Article  Human Dignity  Culture

All we need to know about religious mockery, we learned in Rome

Has any subject been depicted in art more than Jesus Christ? Da Vinci painted the Last Supper. Michaelangelo sculpted the lifeless body of Jesus in the arms of Mary in his Pietà. How many great masters painted the Madonna and Child? How many crucifixes adorn the bodices of Roman Catholics? Images of Jesus are ubiquitous.

The earliest surviving depiction of Jesus, however, is probably unlike anything you’ll find in your local art gallery or religious bookstore. It wasn’t an oil painting or a sculpture in marble; it was a bit of graffiti, hastily scratched into plaster. It was a cartoon. It featured a man, Alexamenos, worshipping a man who was hanging from a cross and who had the head of a jackass. The graffiti contains an inscription: “Alexamenos worships his god.”

3 lessons from the Roman era

It was back in Rome, in the Kindergarten of Christianity, that we learned about religious bullying, hateful violence, and cartoonish mockery. The lessons from that era remain valid today. Indeed, even as heroic members of my congregation have donned a uniform and have faced gunfire from Islamic terrorists in Garland—even in this modern age of global war, those ancient lessons from Rome represent all that we really need to know.

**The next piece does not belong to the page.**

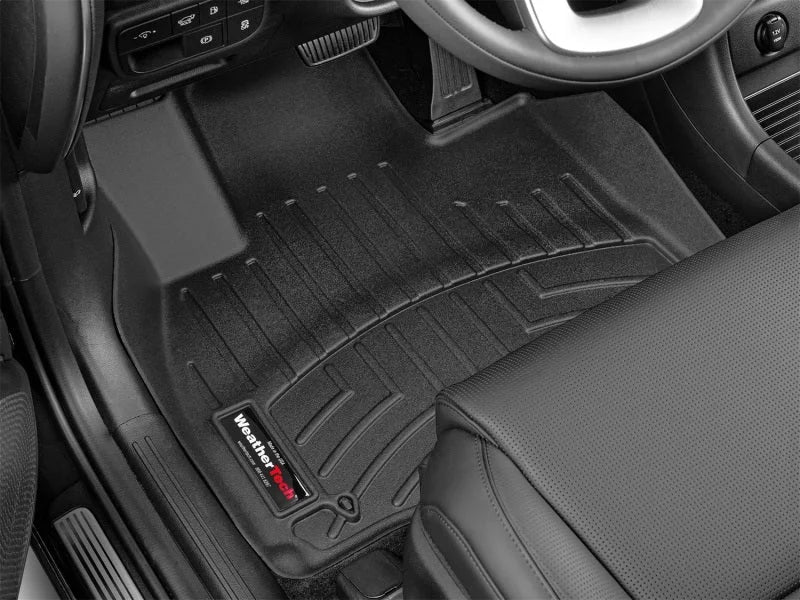 WeatherTech Front FloorLiner - Black fits 2026 Hyundai Palisade Hybrid - Additional View 13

1. In Rome we learned that the followers of Jesus do not answer with lethal weapons the sort of mockery that the Alexamenos graffito represents. There was no Christian guerilla brigade. Our Lord is the King of angels; he does not need assault teams to defend his honor. Just as people sometimes need to be reminded about the simple lessons that they learned in Kindergarten, Christians have not always remembered this simple, nonviolent approach that served us so well in our earlier days. The episodes when we have forgotten have been the darkest, weakest chapters in our story.

In this era, the contrast serves the gospel well—ours is the faith in which God sends his Son to die for us, not a faith in which we must send our sons to die for him.

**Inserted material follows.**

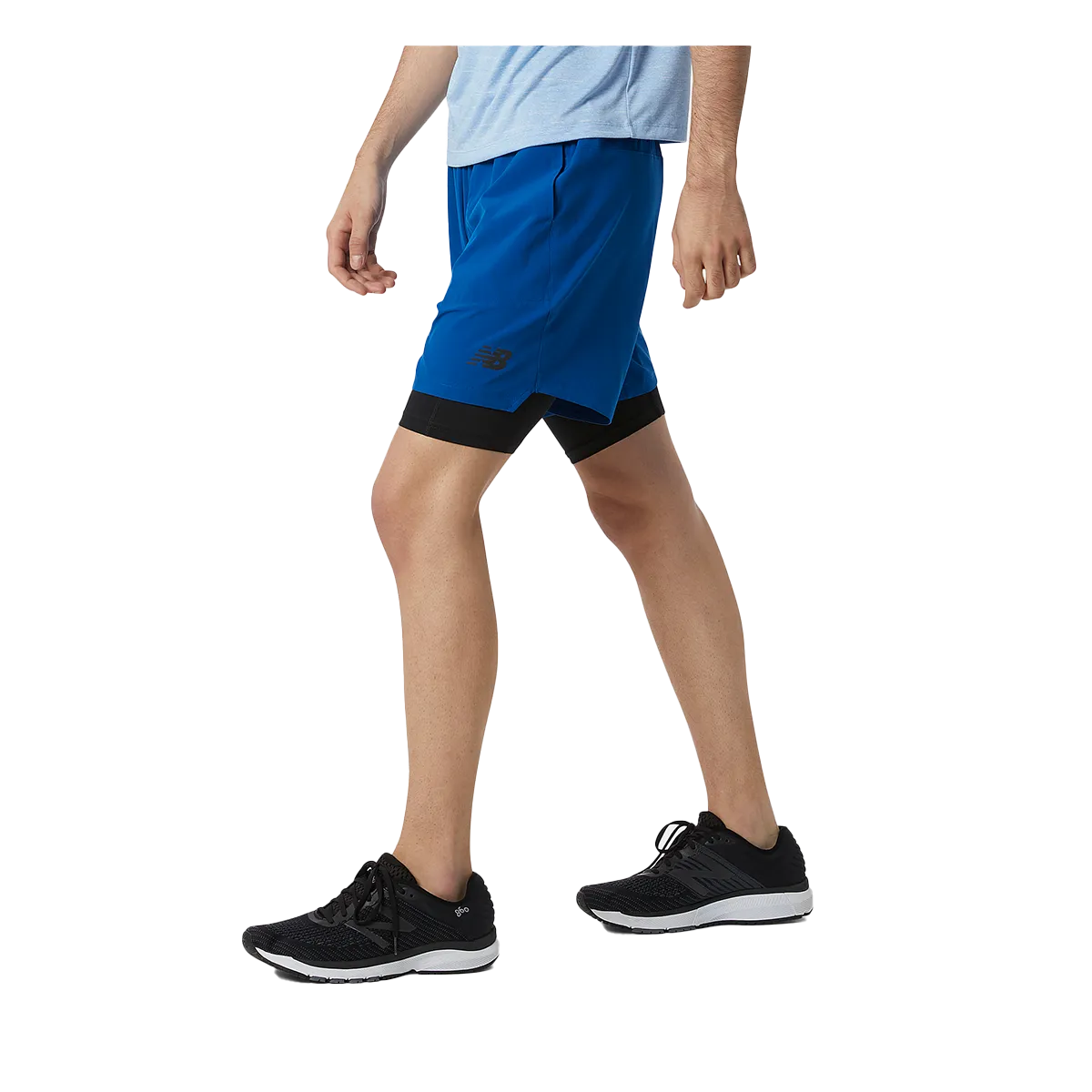 New Balance R.W. Tech 7" 2-in-1 Short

2. In Rome we also learned that the followers of Jesus are not the cartoonists of the world. The great apologists answered the criticisms of our opponents, but they did so by making serious responses to important questions, not by trying to mock and provoke the followers of other faiths. We do not sit in the seat of the scoffers. We do not venerate Mohammed. We do not agree with what the Qur’an says about Mohammed. Neither do we lampoon Mohammed. We do not participate in Pamela Geller’s anti-Islamic tirades and cartoons of Mohammed.

Actually, we talk about Mohammed as little as we can, because it isn’t about Mohammed; it’s about Jesus. We have no need to tear down Mohammed, because our mission is to lift up Jesus so that the world might be drawn to him. Efforts to offend Muslims by depicting Mohammed in cartoons are entirely beside the point, and Christians who participate in such activities have fallen victim to a distraction from their mission.

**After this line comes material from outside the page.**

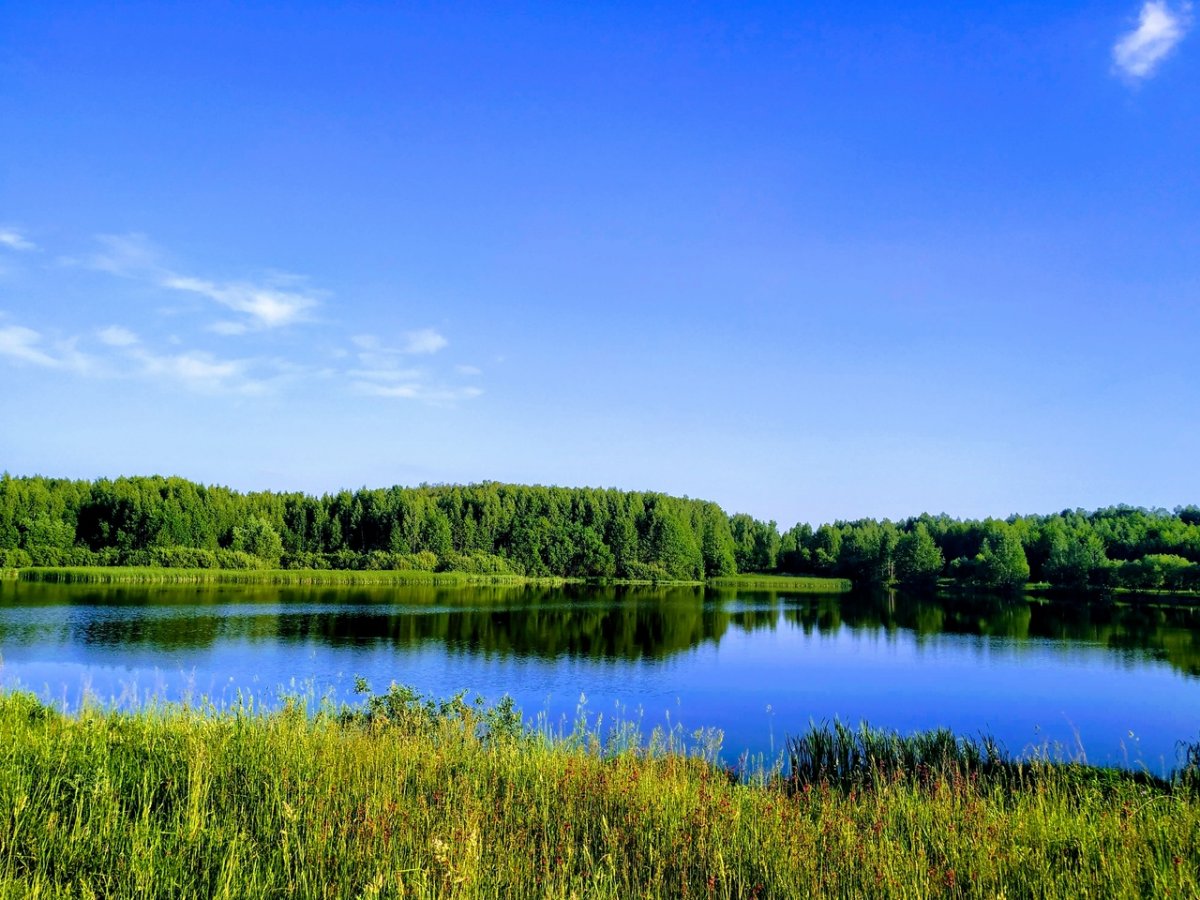 Голубое озеро Черемхово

3. Finally, the Roman experience taught us that Jesus wins in a fair fight. No. Wait. That’s not quite it, is it? Jesus wins in unfair fights, too. In fact, no matter how much people stack the deck against Jesus, all fights are unfair in Jesus’ favor. That’s why we Baptists have tirelessly advocated for religious liberty and free speech as the rightful possession of all people from all faiths, including those who believe that they have no belief at all. When people attempt to stifle free speech and free religious exercise, they betray their fear of the power of faith and of their own comparative weakness.

But we, the servants of the Lord of hosts, have nothing to fear from the cartoons and jeers of detractors, or even from the sophistries of false religion’s most noble and eloquent advocates. We say let the cartoonists draw their cartoons, let the jihadis draw their weapons, and in the end, let every knee, nonetheless, bow and every tongue confess that Jesus Christ is Lord.